A computational investigation into the role of tRNAs encoded by Shigella phage Sf14.

Background: Bacteriophage Sf14 infects Shigella flexneri, a major foodborne pathogen that causes shigellosis outbreaks primarily in developing nations. It is a Moogle-like myovirus that encodes 26 tRNAs recognizing 19 different amino acids. The presence of tRNAs in phage genomes have been known for decades, but their functions are still poorly understood and appear to vary between species. This work uses computational methods to test several existing hypotheses regarding phage-encoded tRNAs in the context of Sf14 infection. Analyses of codon usage, tRNA adaptation, and tRNA mutation patterns were performed to test four hypotheses of phage tRNA function: codon usage bias, host range expansion, an all-destructive infection phenotype, and escape from host nucleases.
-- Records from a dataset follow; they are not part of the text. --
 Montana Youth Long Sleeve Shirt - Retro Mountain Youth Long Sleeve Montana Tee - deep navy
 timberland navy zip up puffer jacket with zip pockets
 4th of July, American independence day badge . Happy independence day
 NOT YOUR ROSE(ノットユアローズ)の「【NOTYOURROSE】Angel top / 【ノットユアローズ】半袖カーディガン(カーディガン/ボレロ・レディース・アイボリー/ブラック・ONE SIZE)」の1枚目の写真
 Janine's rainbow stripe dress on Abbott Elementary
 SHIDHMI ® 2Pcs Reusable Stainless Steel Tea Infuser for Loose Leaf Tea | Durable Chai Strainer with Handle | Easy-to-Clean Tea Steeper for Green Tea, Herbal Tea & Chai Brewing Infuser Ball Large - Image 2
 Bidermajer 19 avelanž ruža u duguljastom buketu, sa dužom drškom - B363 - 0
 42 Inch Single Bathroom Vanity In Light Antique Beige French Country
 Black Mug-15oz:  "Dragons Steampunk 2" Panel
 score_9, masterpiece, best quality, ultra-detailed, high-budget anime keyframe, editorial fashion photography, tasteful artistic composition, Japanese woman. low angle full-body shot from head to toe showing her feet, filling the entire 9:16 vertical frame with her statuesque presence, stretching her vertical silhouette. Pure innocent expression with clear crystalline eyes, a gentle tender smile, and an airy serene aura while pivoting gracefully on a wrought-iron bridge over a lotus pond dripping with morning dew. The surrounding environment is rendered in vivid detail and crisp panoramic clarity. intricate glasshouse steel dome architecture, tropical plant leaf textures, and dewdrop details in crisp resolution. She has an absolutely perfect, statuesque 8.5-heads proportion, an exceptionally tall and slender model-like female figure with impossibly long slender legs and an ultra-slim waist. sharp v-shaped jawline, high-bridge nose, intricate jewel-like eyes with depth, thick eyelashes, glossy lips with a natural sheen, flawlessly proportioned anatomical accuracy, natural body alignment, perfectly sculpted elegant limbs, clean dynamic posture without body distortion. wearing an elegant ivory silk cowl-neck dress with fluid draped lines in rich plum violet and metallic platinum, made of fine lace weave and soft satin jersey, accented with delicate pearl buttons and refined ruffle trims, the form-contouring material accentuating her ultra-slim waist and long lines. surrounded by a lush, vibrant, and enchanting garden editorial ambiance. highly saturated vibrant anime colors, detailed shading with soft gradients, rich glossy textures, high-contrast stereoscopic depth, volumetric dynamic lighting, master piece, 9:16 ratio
Results: Data from these analyses excluded hypotheses of host range expansion and escape from host anticodon nucleases. Instead, results suggest phage-encoded tRNAs are likely used during late stages of infection, primarily increasing expression of structural genes. While there are significant differences in codon usage bias between Sf14 gene groups and S. flexneri 2457T, translational efficiency of Sf14 late genes (as estimated by tRNA adaptation index) is highest when using the phage tRNA pool only.

Conclusions: The most likely hypothesis explaining the presence of tRNAs in the Sf14 genome is the possession of an all-destructive infection phenotype, where genes encoding host tRNAs are degraded along with the genome and translation relies heavily or exclusively on the phage tRNAs. The differences in codon usage also suggest phage-encoded tRNAs specifically affect the production of late gene products.